Was planning to jump in at the Scripps Pier before work on Wednesday. While waiting at the 7-11 near Windansea at 5:20 AM, I got a call on my cell. It was none other than the comical Bill Andrews. He was bringing down a funboard that Joanne had generously loaned me. However, on the way down the radiator in Bill's truck decided to spring a leak, and he was stuck in Encinitas. Bill suggested that I run up to grab the board, saying that it was a 15 minute drive from La Jolla. So I went for it.
Unfortunately, I couldn't find my way to I-5 north. When I finally did, I found that the 15 minute drive was only if you averaged 80 mph! Eventually, I found my way to Bill and his disabled truck near a Denny's restaurant.
Damn, it was nice seeing him again. He's just a pure character--all stoke and warmth (unless you get in his way at W/S--nah!). Bill decided to hang out until a nearby garage opened up. We had a hell of a time fitting the surfboard into my little Neon, but with some ingenuity and the FCS key, we made it fit. Since there was nothing more I could do for him, I just handed off some mac nuts and headed back south to see if I could salvage a surf.
When I reached the pier I knew that my time was virtually gone, but I parked anyway to check out the action. Good thing, because a gentleman approached me, someone that I've been looking forward to meeting for many moons. It was none other than alt.surfer Terry (sdbchguy).
Talk about fascinating. I was just entranced listening to him. Terry is like a mad scientist applying his vast knowledge of physics into surf science, designing and engineering various surf vehicles and tools. The only person like him that comes to mind is George Greenough. Must be a belly/kneeboard thing. :-)
We talked for nearly an hour about his latest watercraft designs, his recent trips to Baja, even a little bit about the alt.surfing scene. After a while I absolutely didn't care about getting in a pre-work surf (it was only about shoulder-high anyway).
Finally, duty called, as I had to get to work. I reluctantly said goodbye to Terry, put on a tie, and headed off.
I got off late from work, but still decided to get some needed water time. Hit the Pier just after 5 and joined the after school/after work crowd. There were some fairly glassy, shoulder high walls that closed out quickly. Not much fun on my bodyboard, but still way better than just sitting on the beach. It was nightfall (after 6 PM) before I finally made it back to shore--I was the last one out of the water.
That evening, I was invited to a get-together by the elusive Carson (also of alt.surfing fame). So I quickly changed in the dark (no streetlights in the Torrey Pines area) and made my way to his home.

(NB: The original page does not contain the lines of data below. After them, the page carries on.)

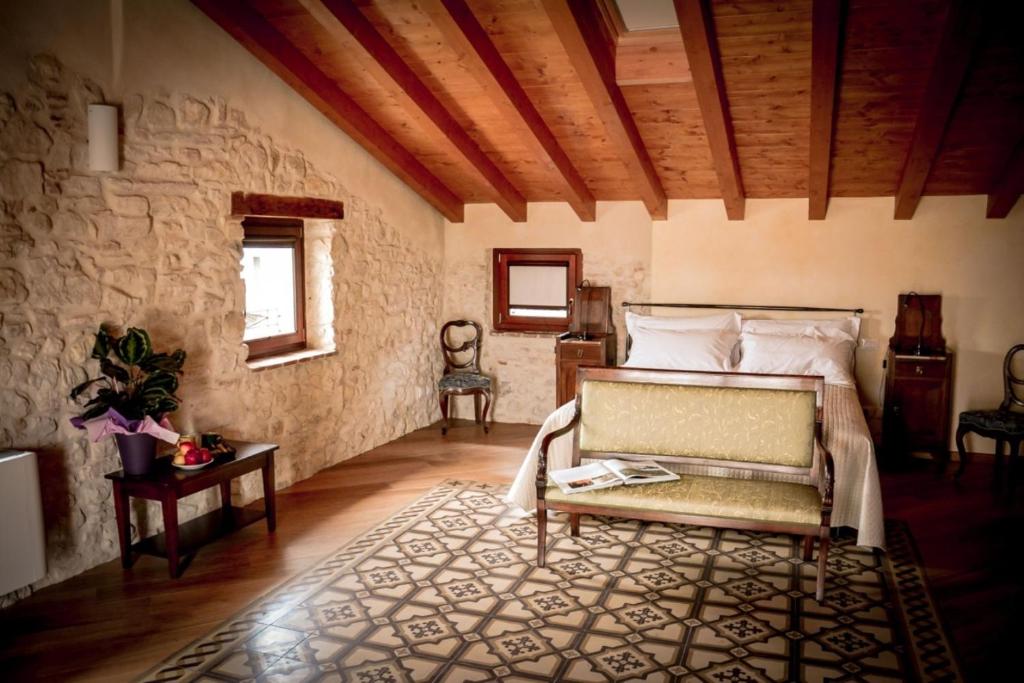 a bedroom with a bed and a stone wall at Agriturismo Valentina Cubi in Fumane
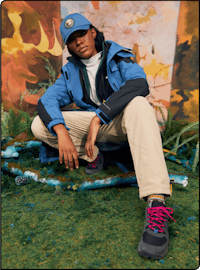 a young man in a blue jacket sitting on grass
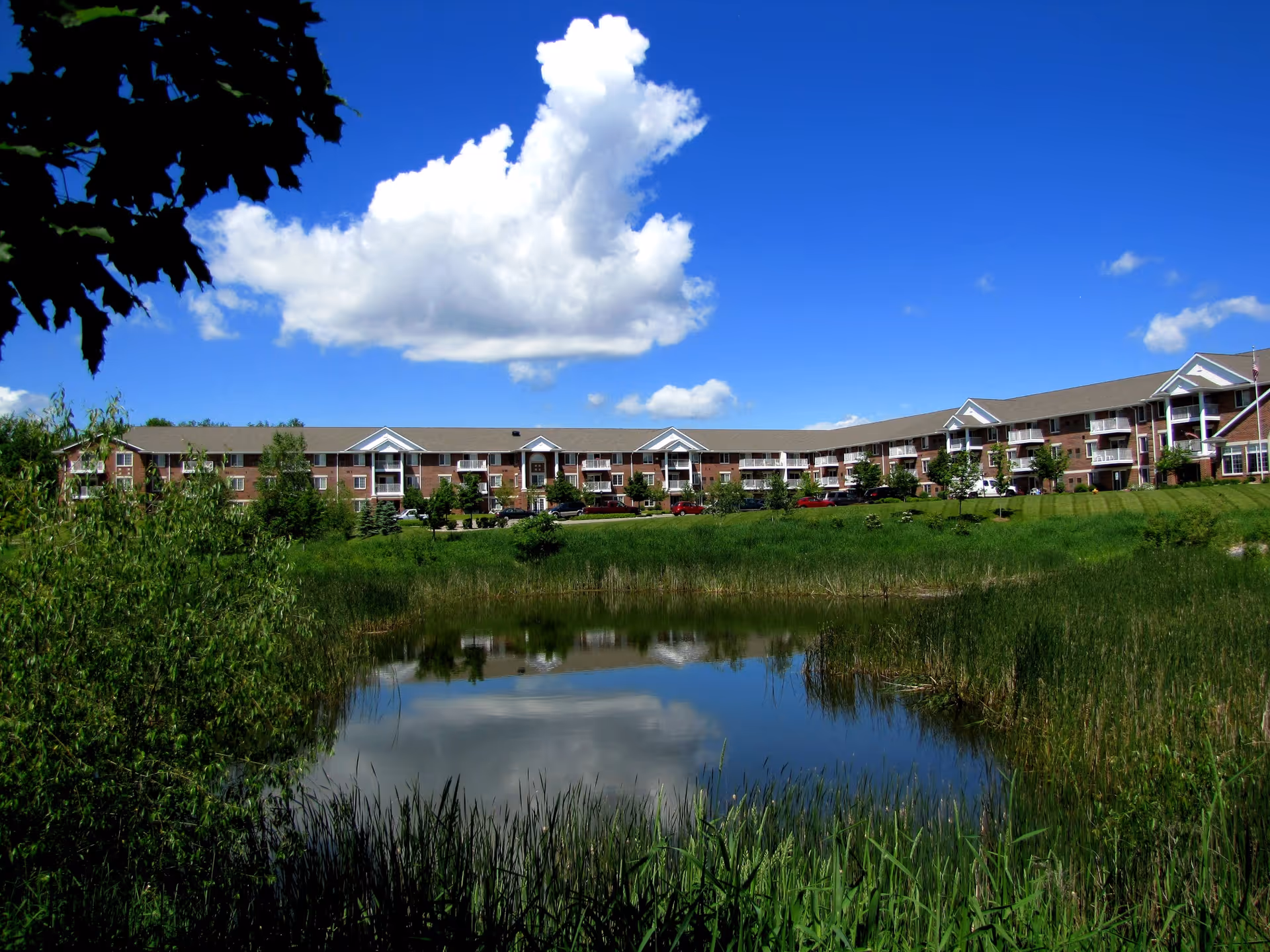 A long three-story brick apartment building reflected in a pond under a bright blue sky with a large white cloud.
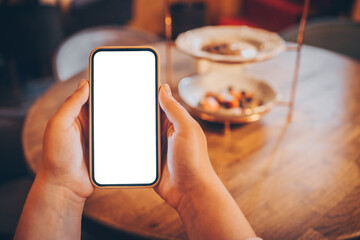 Phone isolate screen on the background of plates with food, space for text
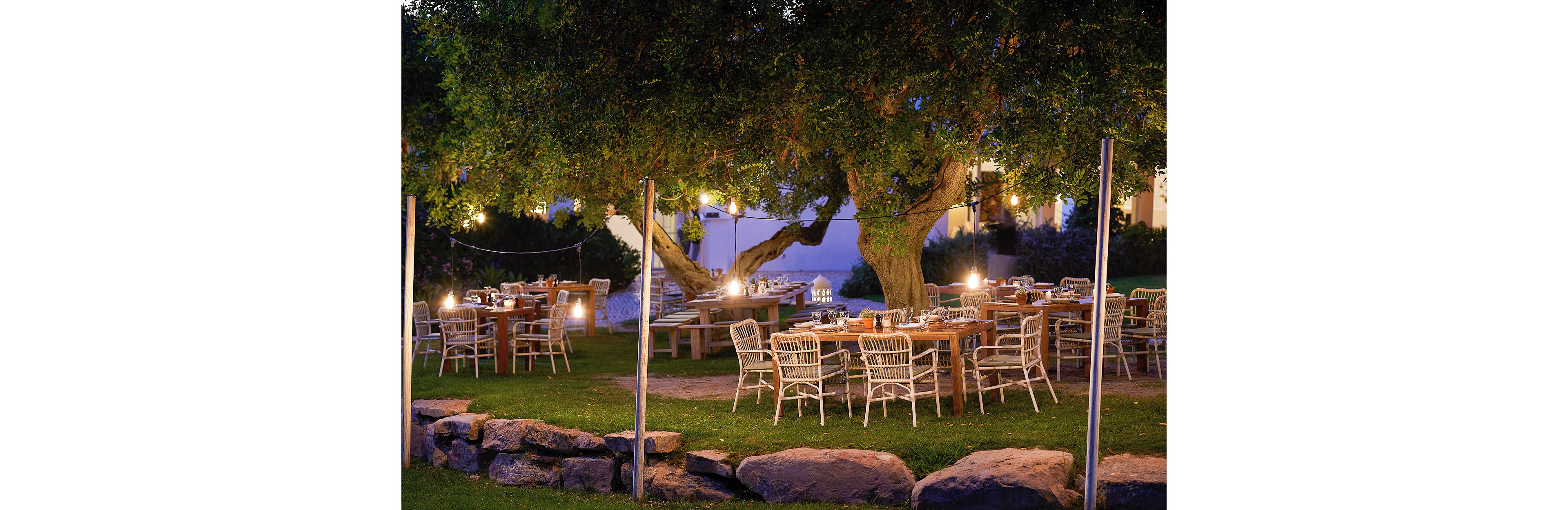 An inviting outdoor dining area is set beneath large trees in a garden at dusk. Wooden tables and white wicker chairs are arranged neatly, ready for guests. Warm string lights and lanterns create a cozy, intimate atmosphere. Stone borders and lush grass frame the scene, suggesting a relaxed, rustic restaurant setting.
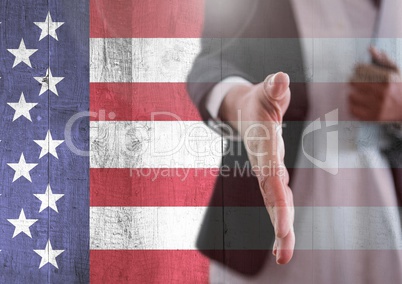 Part of a man offering his hand against american flag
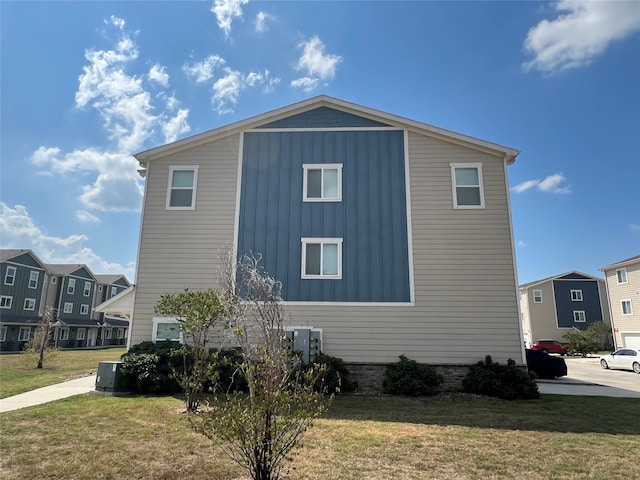 view of side of property with central AC and a yard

Carson is not an idiot. That's my opinion anyway. He's just a wily guy who wants to stir up the pot in alt.surfing, calling out people who he thinks are blowing smoke about their surfing prowess or knowledge. I'm really looking forward to surfing with him at his secret LJ reefs sometime in the future.

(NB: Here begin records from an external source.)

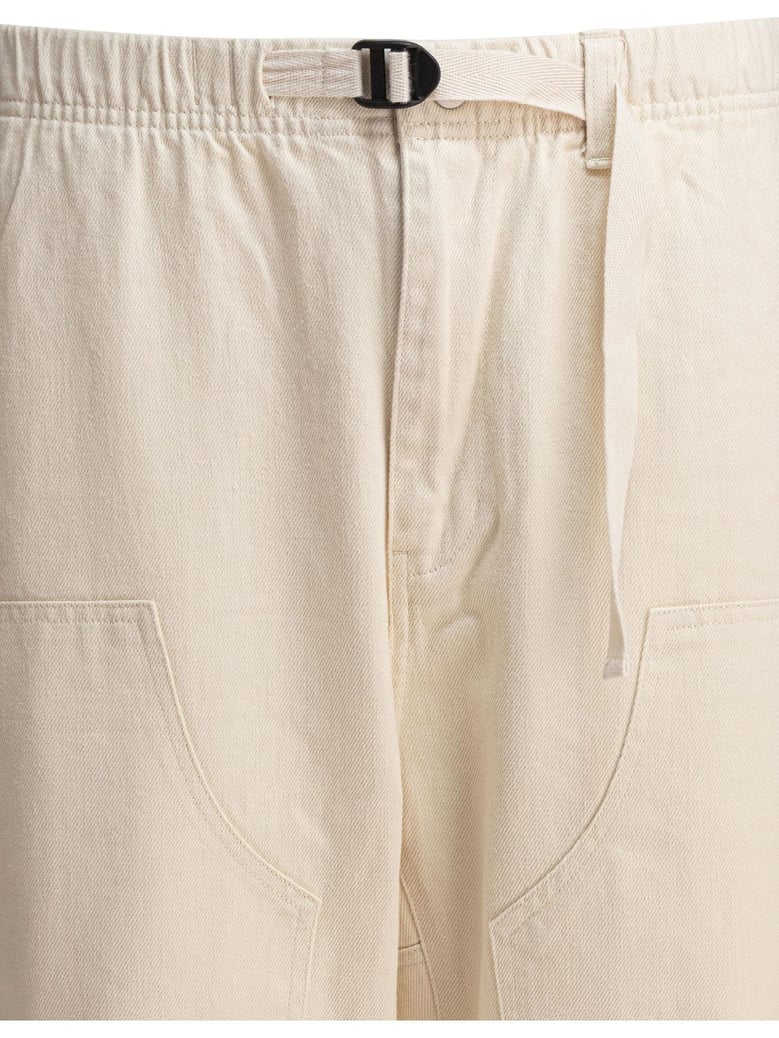 beige cotton trousers by Selfnex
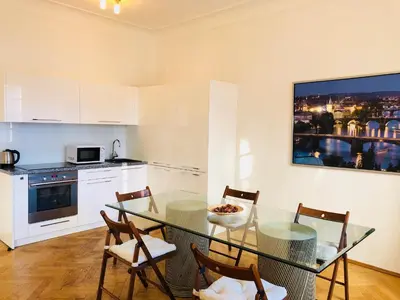 a kitchen with a glass table and some chairs at Royal Road Residence II in Prague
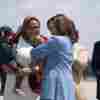 Vice President Harris holds the baby of Durham County Board of Commissioners chair Nida Allam upon arrival at Raleigh-Durham International Airport in North Carolina on Aug. 16, 2024.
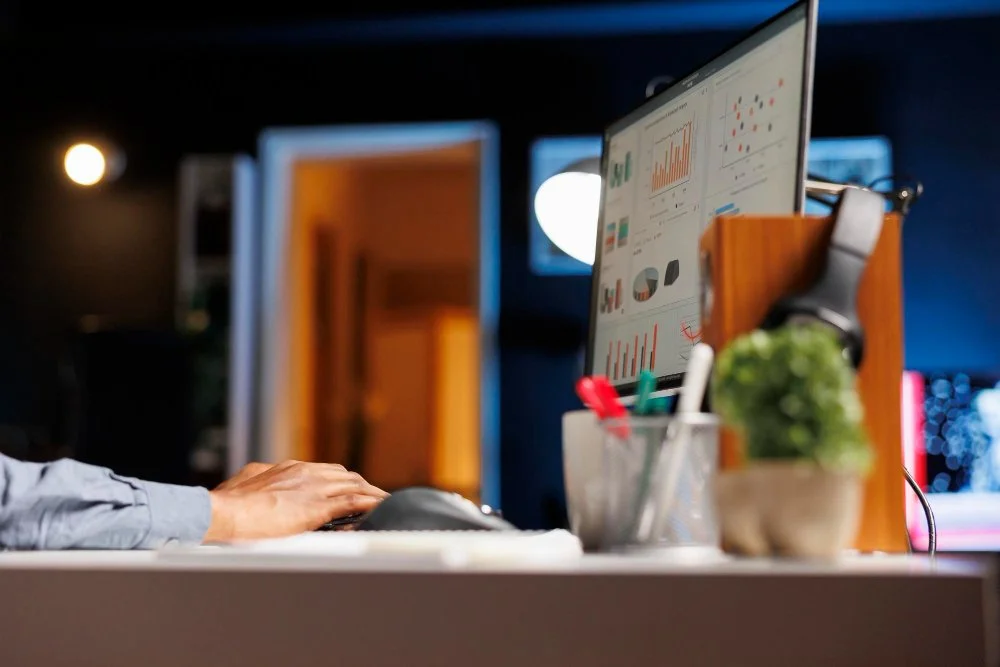 A man is engaged in typing on a computer at night, dedicated to building website.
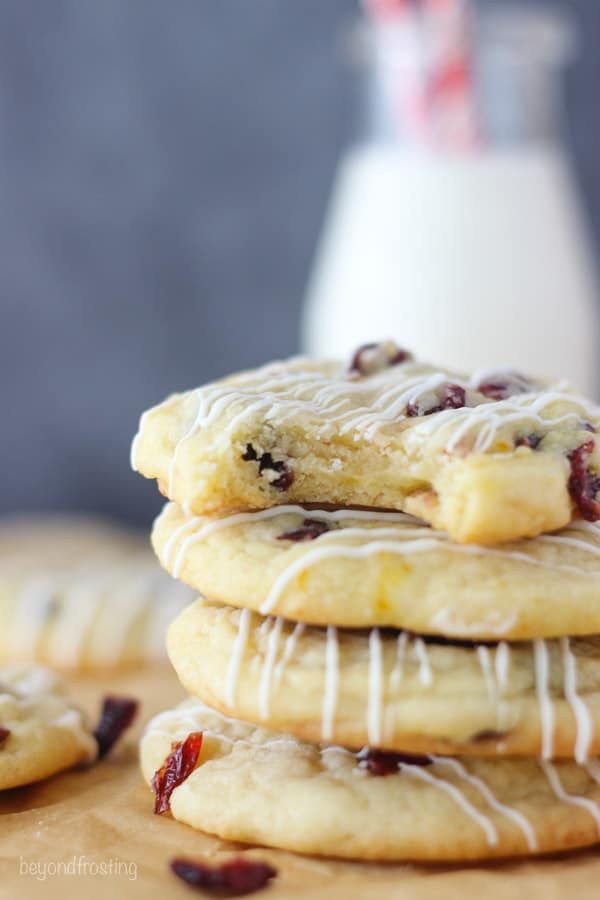 four stacked cranberry cookies, the top one has a bite missing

Also in attendance were (wild) Bill Andrews, (feisty) Joanne VanMeter, (stately) George Barnes and his lovely wife, and Mrs. Carson and Carson Jr. Everyone (including Carson and myself) is a techno-weenie of one kind or another. What a bunch of nerds!

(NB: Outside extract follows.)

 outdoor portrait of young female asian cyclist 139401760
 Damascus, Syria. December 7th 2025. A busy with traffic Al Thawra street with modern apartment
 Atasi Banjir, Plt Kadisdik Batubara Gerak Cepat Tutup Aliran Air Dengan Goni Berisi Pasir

The get-together was loud, raucous, and fun. We quickly jumped from topic to topic, mostly about surfing, and continuously brought up the topics and characters of the alt.surfing newsgroup. I was in stitches at times, just laughing at our silliness.
Eventually, we all had to leave (it was a school night). But before going, we needed photographic proof that we tried to dispense of that Carson dude. It took a while, but we finally got the shot we wanted.
As for me, I never got a chance to surf again. My work crew decided to cut our trip off a day short, so I left without even using Joanne's hubbie's board. I also didn't get the opportunity to see Keener, Tweed and King--sorry guys.
I thought I was coming over in March, but that trip has been nixed. Maybe in the summer or fall. One day, I'll get a chance to surf with Terry and Carson and with the rest of the motley crew (again). I'm already looking forward to it.